A Capitalizable Christmas Present

Just before the New Year, the IRS released much-anticipated temporary and proposed regs on the capitalization of tangible property (so-called "repair regs"). The regs, the IRS explained, are intended to clarify and expand existing standards for capitalization of specific expenses associated with tangible property and provide some bright-line tests for applying the standards.  Many taxpayers will not consider the new definitions of a unit of property to be much of a Christmas present.  Much analysis of these regs will be needed are they are implemented in 2012.

 Background

Under Code Sec. 263(a), amounts paid to acquire, produce, or improve tangible property generally must be capitalized. The IRS issued proposed regs in 2006 that attempted to carve out certain repairs and maintenance exceptions. Those proposed regs were further refined in 2008. Now, the IRS has issued new regs, not only making further changes but also making the regs "temporary regs," binding on both taxpayers and the government. The temporary regs are generally effective for expenditures made in tax years beginning on or after January 1, 2012.

Materials and supplies


The temporary regs generally track the definition of materials and supplies in the 2008 regs and provide an alternative optional method of accounting for rotable and temporary spare parts, along with an election to treat certain materials and supplies under the de minimis rule of Reg §1.263(a)-2T.

Repairs


The temporary regs also generally track the treatment of repairs under the 2008 regs. A taxpayer is permitted to deduct amounts paid to repair and maintain tangible property provided such amounts are not required to be capitalized under Code Sec. 263(a) or any other provision of the Tax Code or regs.

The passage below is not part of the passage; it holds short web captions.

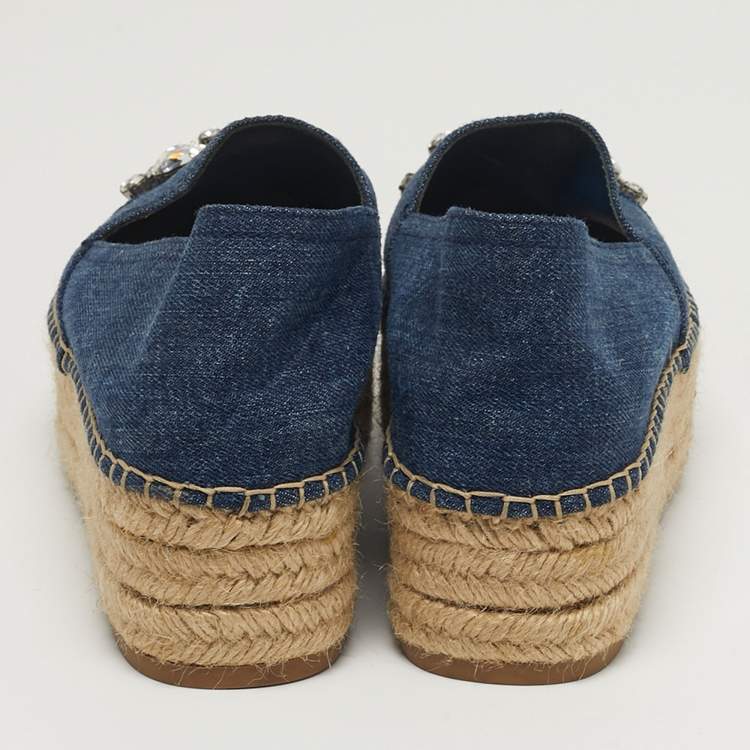 مملوكة مسبقًا Miu Miu Size 38 Blue Denim Crystal Embellished Espadrille Platform Wedge Flats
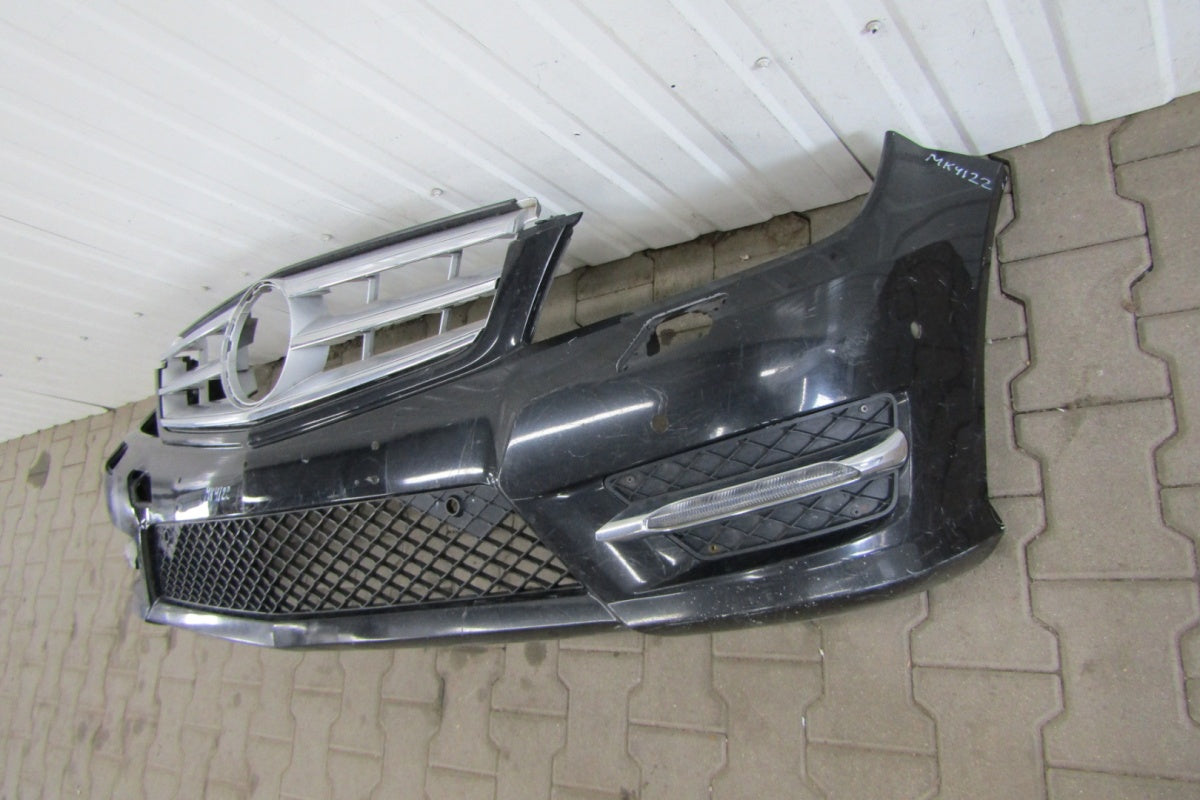 Prednji branik Mercedes C klasa 204 AMG lift 11- (LEDY)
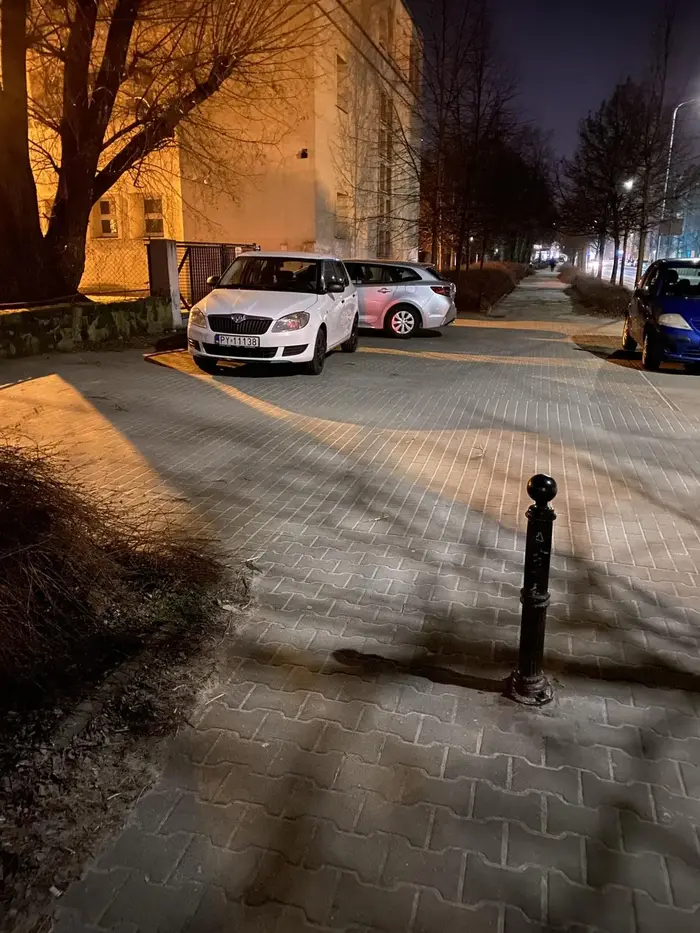 Koledze się pomyliło parkowanie rownolegle z równorzędnym i blokuje miejsce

To determine whether payments are repairs or capital expenditures, taxpayers must first look at the unit of property. The regs add clarity regarding a unit of property.

Rentals/leased property


The temporary regs reflect the existing rule in Reg. §1.162-11(a) that provides a taxpayer may amortize the cost of acquiring a leasehold over the term of the lease. The temporary regs also revise the rule in Reg. §1.162-11(b) that provides that the cost of erecting a building or making a permanent improvement to property leased by the taxpayer is a capital expenditure and is not deductible as a business expense.

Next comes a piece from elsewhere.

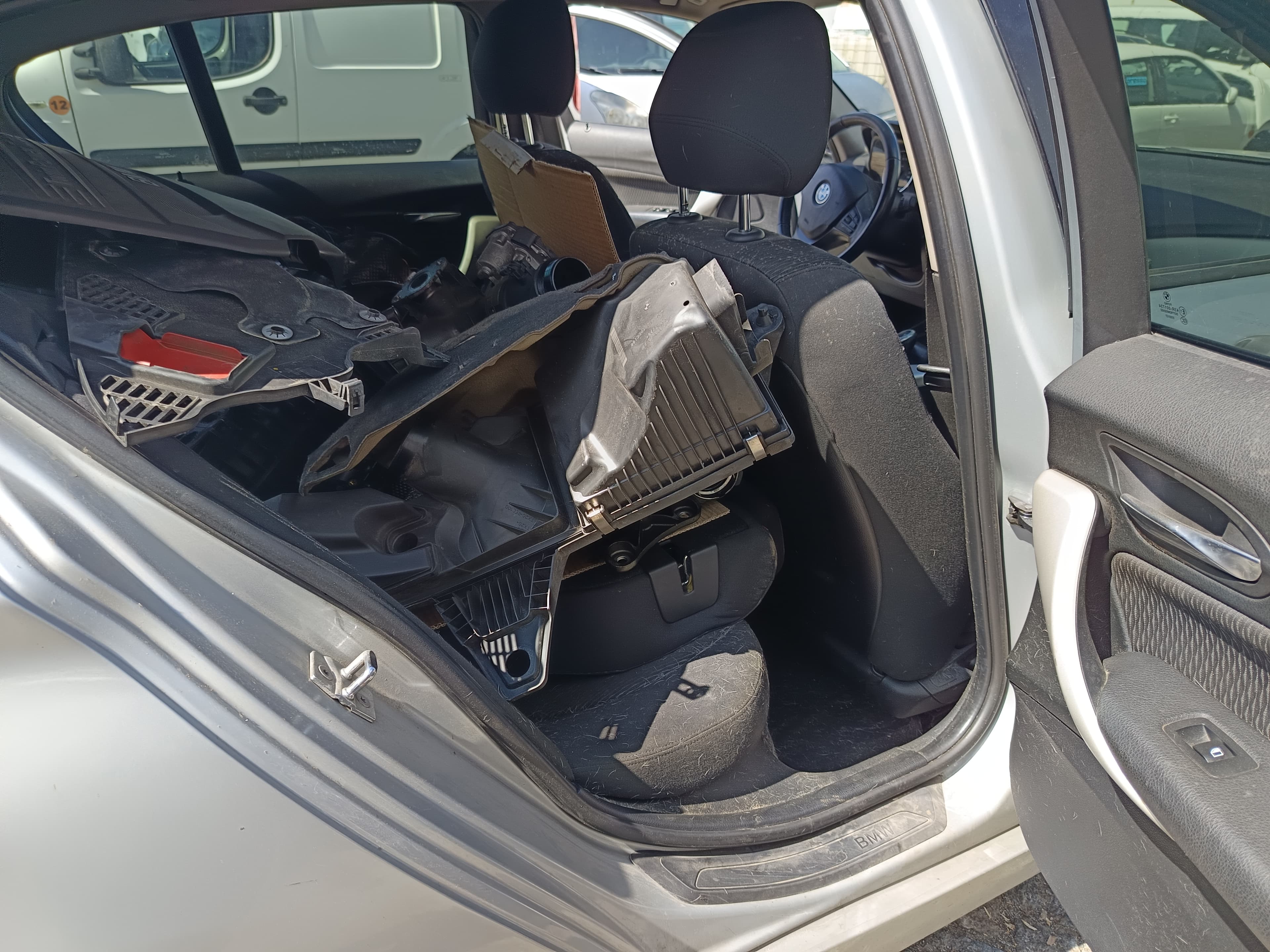 BMW 118d · Ano 2012 — imagen 26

Acquire/produce tangible property


The temporary regs generally track the 2008 regs in the treatment of amounts paid to acquire or produce units of tangible property. Generally, acquisition and production costs must be capitalized. The temporary regs also address moving and reinstallation costs; work performed prior to placing property into service; and transaction costs. Additionally, the temporary regs modify the de minimis rule in the 2008 regs.

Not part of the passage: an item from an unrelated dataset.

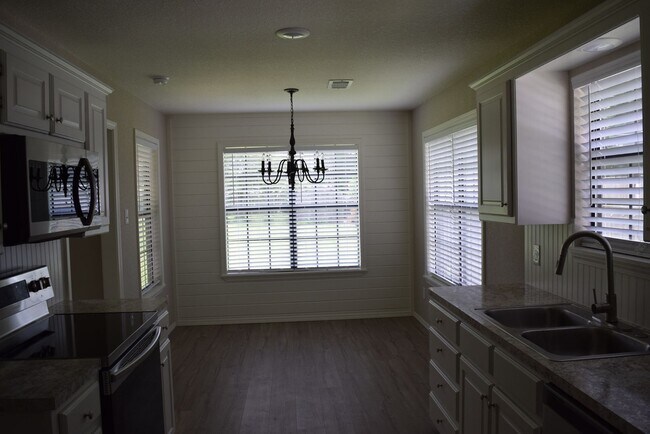 Foto del edificio - 700 Cedar Ln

Amounts to improve property


The temporary regs retain the approach in the 2008 regs for determining the unit of property and for determining whether there is an improvement to the unit of property. The temporary regs also retain some of the simplifying conventions in the 2008 regs.

Accounting method


The IRS reported it anticipates issuing additional guidance to advise taxpayers regarding how to obtain automatic consent to change to a method of accounting provided in the temporary regs for tax years beginning on or after January 1, 2012. These automatic consent requests may be filed beginning with taxpayers’ 2012 returns. Taxpayers may not request a change to a method described in the temporary regs on their 2011 returns, the IRS advised.